Wo wir mit Anne Frank gerade das Thema Holocaust angeschnitten haben: wie erklären Sie sich, dass es darüber einen Film nach dem anderen gibt, die Sklaverei aber viel zu selten Thema im Kino ist?
Tatsächlich gibt es wohl, je nachdem wie man zählt, nur 20 Kinofilme über die Sklaverei. Das hat sicherlich viel mit Scham zu tun, mit Schuldgefühlen und Angst. Sie dürfen nicht vergessen, dass es die Sklaverei in den USA mehr als 200 Jahre lang gab. Der Zweite Weltkrieg dauerte fünf Jahre. Das sind andere Dimensionen, für die sich eine Nation verantworten muss. Wir sprechen hier von einem der düstersten Kapitel der Menschheitsgeschichte, da leuchtet es mir schon ein, dass viele das lieber verdrängen statt Filme darüber zu drehen. Aber ich bin fest davon überzeugt, dass man sich immer wieder damit auseinandersetzen muss, wenn so etwas wirklich bewältigen und sich Richtung Zukunft bewegen will.
Was ist als Brite Ihr persönlicher Bezug zum Thema Sklaverei?
Das ist Teil meiner Familiengeschichte, einige meiner Vorfahren waren Sklaven. Auch deswegen musste ich diesen Film drehen. Ich habe mich stets dafür geschämt, aber das Thema gehört bei uns in der Familie immer dazu. Wenn mich Journalisten fragen, wann ich als Kind zum ersten Mal davon gehört habe, kann ich nie eine Antwort geben, denn ich erinnere mich nicht. Das ist, als würden sie mich fragen, wann ich zum ersten Mal meinen Namen gehört habe. Für mich war Sklaverei immer Teil des Alltags. Diese Erfahrung geht an einem kleinen schwarzen Jungen nicht spurlos vorbei.
Über „12 Years a Slave“ kann man nicht sprechen, ohne Ihre zahlreichen talentierten Mitstreiter zu erwähnen. Etwa Brad Pitt, der den Film auch produziert hat. Wann kam seine Firma ins Spiel?

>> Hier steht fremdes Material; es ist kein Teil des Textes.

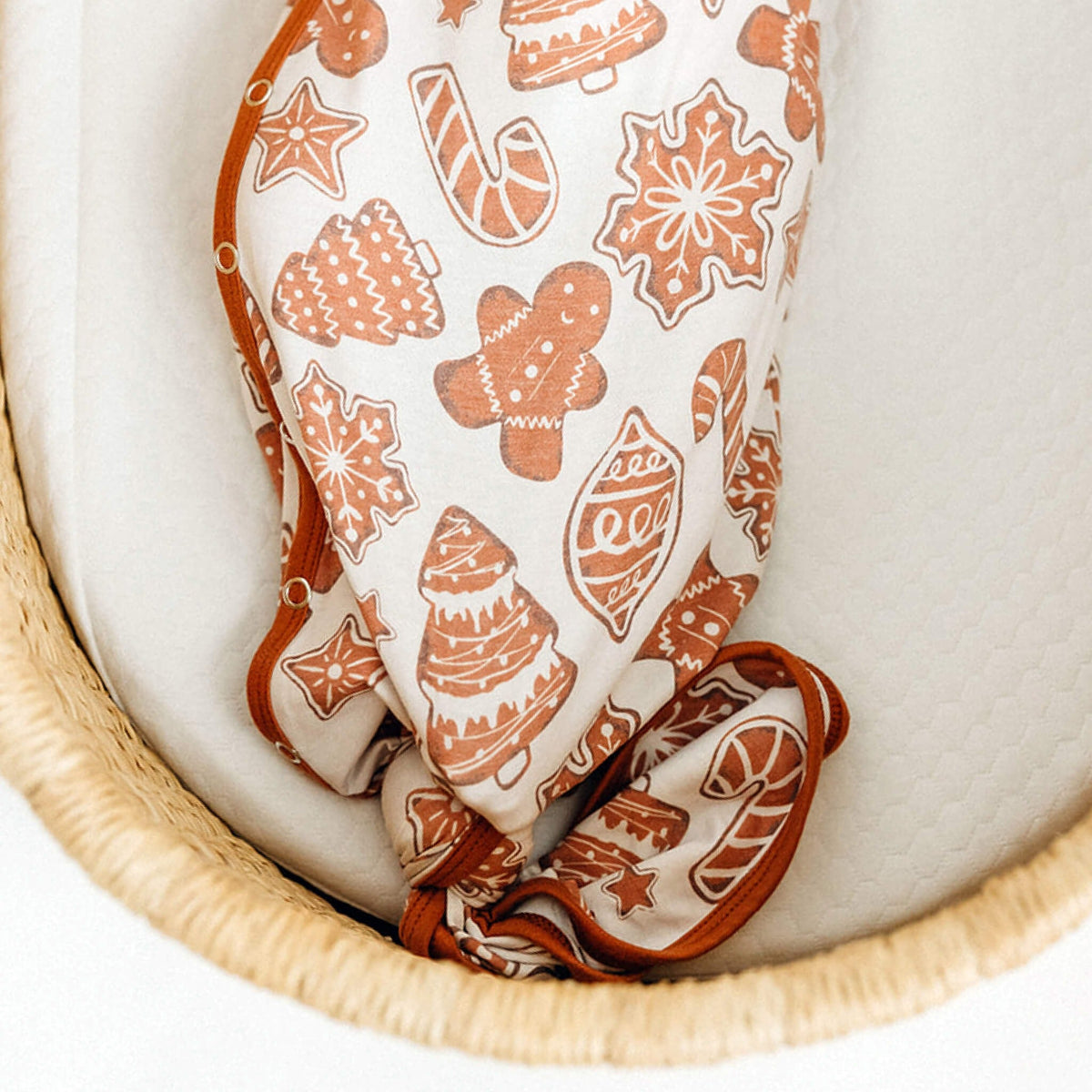 Newborn Knotted Gown - Gingerbread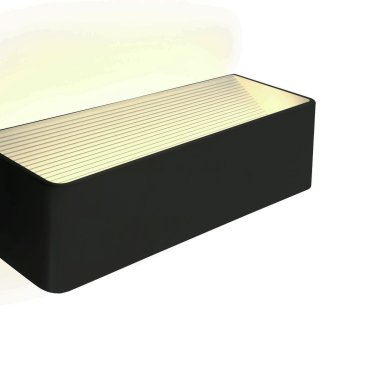 ONE Light Backlight Wall Range - applique murale - 37 x 10 x 8 cm - 12W LED inclus - noir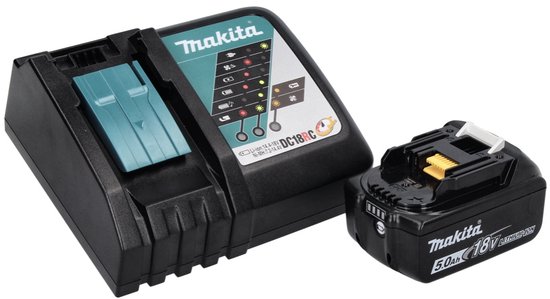 Makita DUM 111 RTX accugrasschaar heggenschaar 18 V + 1x oplaadbare accu 5.0 Ah + lader — afbeelding 3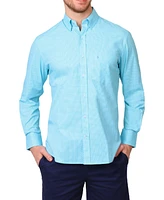 Tailorbyrd Men's Signature Micro Gingham Long Sleeve Shirt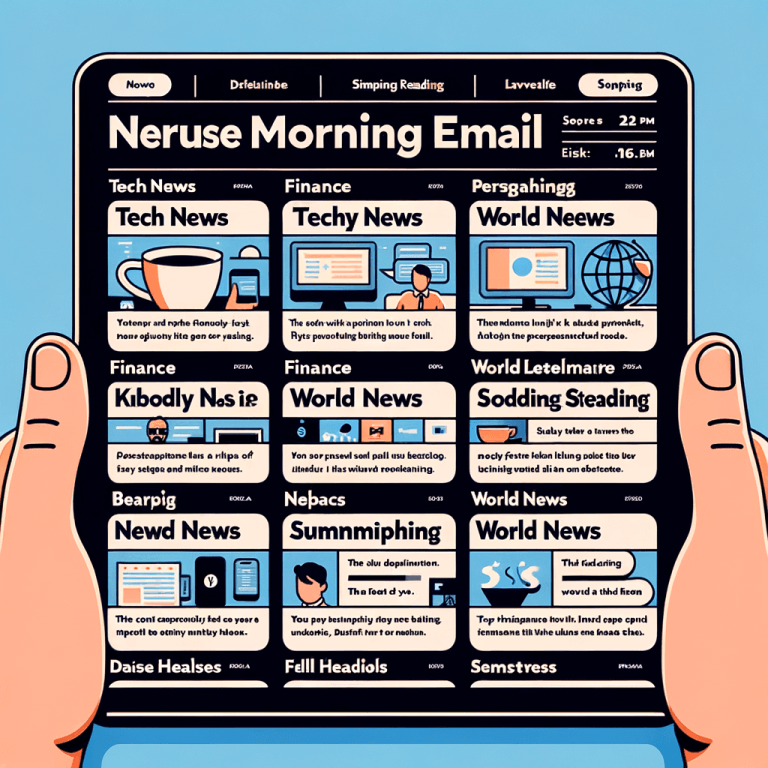Wake Up to News That Matters: Your Daily Brief is Here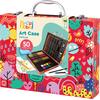 HappiHobbi Κασετίνα Ζωγραφικής Ξύλινη Deluxe My World 50 Αξεσουάρ (1038-82060)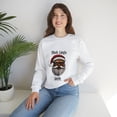 thumbnail image 7 of Black Santa Sleigh Unisex Heavy Blend™ Crewneck Sweatshirt, 7 of 7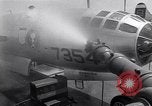 Image of washing B-29  Marshall Islands, 1946, second 38 stock footage video 65675034522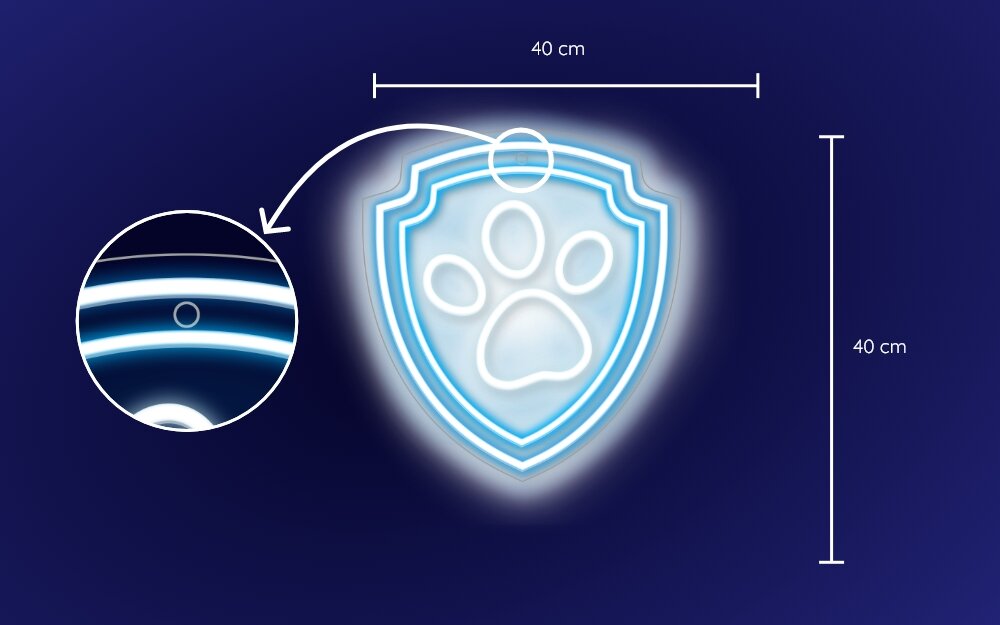 Neon LED PSI PATROL  zawieszenie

Das war sehr früh, noch bevor es das Projekt tatsächlich gab. Kontaktiert haben Brad und seine Leute mich schon nach „Hunger“. Sie wollten gerne mit mir arbeiten und waren wirklich hartnäckig. Die Zusammenarbeit verlief sehr entspannt und angenehm. Brad drehte gerade „World War Z“, als ich ihn traf. Er ist ein toller Schauspieler, aber auch ein genauso guter Produzent. Und vor allem ein echter Cineast. Da konnte gar nicht viel schief gehen.
Und wie kamen Sie zu Ihrem Hauptdarsteller Chiwetel Ejiofor?
Wir kannten uns nicht, aber ich hatte ihn ein paar Mal in britischen TV-Produktionen gesehen. Für mich war er der einzige, der in Frage kam. Er strahlt eine Würde und Menschlichkeit aus, wie man sie nicht alle Tage bei einem Schauspieler sieht. Darin erinnert er mich an Sidney Poitier oder Harry Belafonte. Genau das suchte ich für Solomon, denn mit dieser einzigartigen Ausstrahlung sollte Chiwetel inmitten des Horrors der Sklaverei noch Hoffnung repräsentieren.
Im Gegensatz zu Michael Fassbender, den Sie als Antagonisten besetzt haben. In Ihrem dritten Film hatten Sie zum dritten Mal eine Rolle für ihn. Werden Sie je ohne ihn drehen?
Es ist für mich auf jeden Fall keine Selbstverständlichkeit, dass Michael in meinen Filmen dabei ist. Mir ist schon klar, dass ich ihm ein starkes Drehbuch anbieten muss, damit er zusagt. Natürlich verbindet uns viel, wir arbeiten unglaublich gut zusammen. Aber das ist letztlich wie mit seinem Lebensgefährten. Den sollte man auch nicht als gegeben betrachten!